Khun Thai assumes leaks are a minor technicality to be fixed as and when or if they occur.

Maybe they will use a flexible pond liner inside the non re-inforced concrete structure?   :Roll Eyes (Sarcastic):

----------


## Anonymous Coward



----------


## The_Dude

Looks very nice (for now). great pics, can't wait to see it's completion. :dev+ang:  

The Dude.

----------


## Anonymous Coward

Ms. AC has a chat with Turf Man. He's installing the turf, the pumps and the sprinkler system


Looks pretty nice and seems to be holding water.


The turf will cover the bare ground. You can see some of the blue pipe for the sprinklers.

The guy had two submersible pumps. A big one with a two inch outlet for the waterfall and a small one with a half inch outlet for the sprinklers. I think both will pump out of the big pond in back.

----------


## Anonymous Coward

This thing is looking pretty good; especially considering it was all done in one week. Now the turf and sprinklers are in. Next step, I guess, is to fire up the pumps and see how it looks with water flowing:

----------


## Chris

Good photos AC... it looks a nice pond and garden being created.

----------


## bulldog

Where is this pond

----------


## Anonymous Coward

> Where is this pond


On Mukkamontri across from Wat Sri Sala Loeng. If you take the road north from Homeland you turn right on Mukkamontri and go about half a kilometer.

----------


## flash

> Where is this pond


What is a pond?

----------


## Anonymous Coward

> What is a pond?


Has this now become a Zen thread?

----------


## Anonymous Coward

They turned on the pumps for the first time today. It actually looks very nice:








The turf has been extended to cover almost the entire block of land.

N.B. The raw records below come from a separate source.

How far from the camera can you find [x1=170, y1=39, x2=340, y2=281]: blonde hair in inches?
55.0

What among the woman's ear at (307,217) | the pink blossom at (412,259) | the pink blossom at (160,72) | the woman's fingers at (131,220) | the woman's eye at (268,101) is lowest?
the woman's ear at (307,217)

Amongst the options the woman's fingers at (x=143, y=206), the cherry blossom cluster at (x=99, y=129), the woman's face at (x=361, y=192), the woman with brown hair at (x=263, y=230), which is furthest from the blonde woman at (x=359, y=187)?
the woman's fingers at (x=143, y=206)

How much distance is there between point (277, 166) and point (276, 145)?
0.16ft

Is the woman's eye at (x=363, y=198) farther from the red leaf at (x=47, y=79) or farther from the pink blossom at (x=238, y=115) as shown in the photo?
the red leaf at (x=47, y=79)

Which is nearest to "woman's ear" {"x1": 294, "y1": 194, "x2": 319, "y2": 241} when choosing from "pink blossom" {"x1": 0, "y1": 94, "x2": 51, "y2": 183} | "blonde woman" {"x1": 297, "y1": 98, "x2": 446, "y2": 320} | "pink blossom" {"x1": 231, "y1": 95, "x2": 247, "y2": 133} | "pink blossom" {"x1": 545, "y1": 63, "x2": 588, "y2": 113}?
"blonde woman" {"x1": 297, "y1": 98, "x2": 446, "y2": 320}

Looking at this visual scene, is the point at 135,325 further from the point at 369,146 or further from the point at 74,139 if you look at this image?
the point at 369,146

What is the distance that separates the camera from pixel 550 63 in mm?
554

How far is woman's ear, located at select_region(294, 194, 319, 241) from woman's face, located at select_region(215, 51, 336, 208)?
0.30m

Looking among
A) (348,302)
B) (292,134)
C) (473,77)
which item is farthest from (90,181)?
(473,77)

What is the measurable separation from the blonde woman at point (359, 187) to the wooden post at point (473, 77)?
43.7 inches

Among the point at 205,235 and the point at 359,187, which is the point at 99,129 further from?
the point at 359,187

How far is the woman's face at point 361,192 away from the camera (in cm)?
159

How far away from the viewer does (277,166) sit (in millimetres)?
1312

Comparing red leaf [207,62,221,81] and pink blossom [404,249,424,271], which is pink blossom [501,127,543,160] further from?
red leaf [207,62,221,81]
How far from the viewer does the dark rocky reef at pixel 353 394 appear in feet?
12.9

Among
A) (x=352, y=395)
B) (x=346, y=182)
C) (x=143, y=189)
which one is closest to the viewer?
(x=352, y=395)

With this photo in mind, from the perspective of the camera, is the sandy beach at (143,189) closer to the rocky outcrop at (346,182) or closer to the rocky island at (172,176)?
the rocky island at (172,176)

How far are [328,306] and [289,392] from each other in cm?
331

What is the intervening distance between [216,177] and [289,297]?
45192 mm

So, there's no room for the songtaews to park anymore.

----------


## Scooter

How much do you reckon that would cost then? Just the pond not the turf or plants.

----------


## Anonymous Coward

The waterfall pictured above was on exactly once; the day after it was finished when some officials showed up. As far as I can tell it has not flowed a single drop since that day a few weeks ago....

----------


## Bung

Whats the go with lining a pond? I am thinking about digging another big dam (about 1 rai) and want it deep. i would like to know if it is worth lining it or will it cost a fortune?

----------


## Bung

^^ Ha ha. looks like the songtaew posse has kicked up?

----------


## Anonymous Coward

> Whats the go with lining a pond? I am thinking about digging another big dam (about 1 rai) and want it deep. i would like to know if it is worth lining it or will it cost a fortune?


I think we were quoted 30 baht a meter for HDPE that is two meters wide. About the same for PVC that is one meter wide.

----------


## Bung

Not bad...Would they come and do everything for that price like the welding etc? I'm guessing it would make a big difference to the water quality. I want to build a big dam and use the water around the farm as well as keep a lot of fish in tit.

----------


## Anonymous Coward

> Not bad...Would they come and do everything for that price


No, that's just for the material. You might get a better price if you're buying as much as you'd need to line a one rai pond.

----------